Fast wäre Gianna Nannini nach Muri gekommen

Nach dem Erfolg des ersten Open Airs wurde das zweite geplant, diesmal auf dem Guggibad. Wegen der schlechten Witterung musste es jedoch in der Turnhalle Bachmatten veranstaltet werden. Huwiler: «Alles war beim Guggibad bereits aufgestellt. Zum Glück hatten wir eine Schlechtwetterversicherung gemacht.» Die dritte Ausgabe war das erste zweitägige Open Air, das «endlich» auf dem Guggibad stattfand. «Alles Dagewesene wurde mit diesem Open Air übertroffen», stand damals in dieser Zeitung. «Das erste ‹echte› Guggibad-Open-Air 1983 endete in einem Defizit. Jedes OK-Mitglied berappte dieses Defizit aus dem eigenen Sack.

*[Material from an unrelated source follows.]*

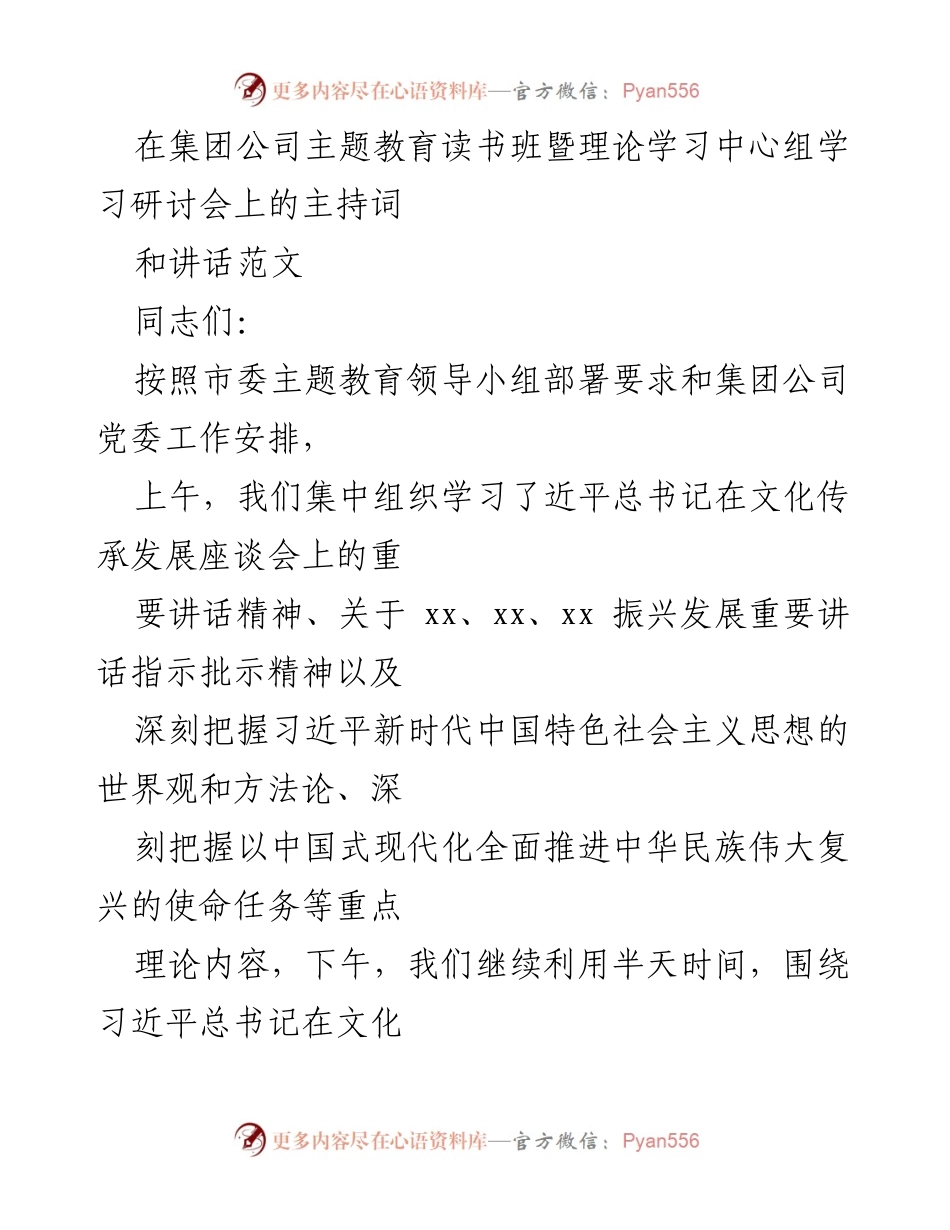 [发言] 主题教育读书班暨理论学习中心组学习研讨会 - 深化理论学习，增强文化自信.docx_第1页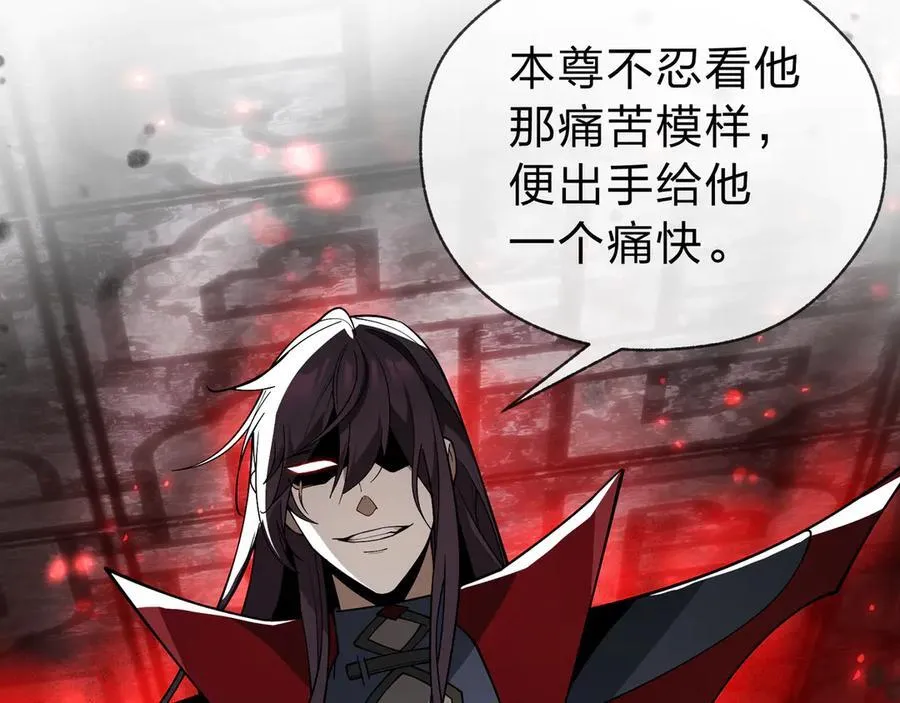 第11话 你唤他……主人？ 第30页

Das war hart für uns, da die meisten von uns noch in der Ausbildung waren», berichtet Rolf Küng. Das war ein Dämpfer, sind sich die drei ehemaligen Gründungsmitglieder einig. Nichtsdestotrotz wollten sie weitermachen und hatten einen Plan B. «Wir wollten es wieder in der Halle machen», sagt Monika Küng und verrät den Topact, der das Freiamt zum Rocken bringen sollte: «Gianna Nannini, der italienische Superstar, hatte uns schon eine Zusage erteilt.» Doch «leider» erhielten sie damals vom Murianer Gemeinderat keine Bewilligung.

Somit war nach der dritten Ausgabe Schluss. Und der Verein, der die Freiämter Kulturszene mit seinem Engagement aufmischte, wurde aufgelöst. Dass sie jedoch damit den Grundstein für weitere Open Airs und Festivals im Freiamt legten (das Guggibad Muri wurde 1990 von einem anderen Verein wiederbelebt und bis ins Jahr 2002 organisiert), war ihnen damals nicht bewusst. «Eine gewisse Naivität war klar dabei», gibt Rolf Küng zu und Huwiler ergänzt: «Wären wir uns damals aller Risiken bewusst gewesen, hätten wir wohl nie angefangen.» Dass der jugendliche Leichtsinn jedoch zu einer Pionierarbeit wurde, mache schon stolz.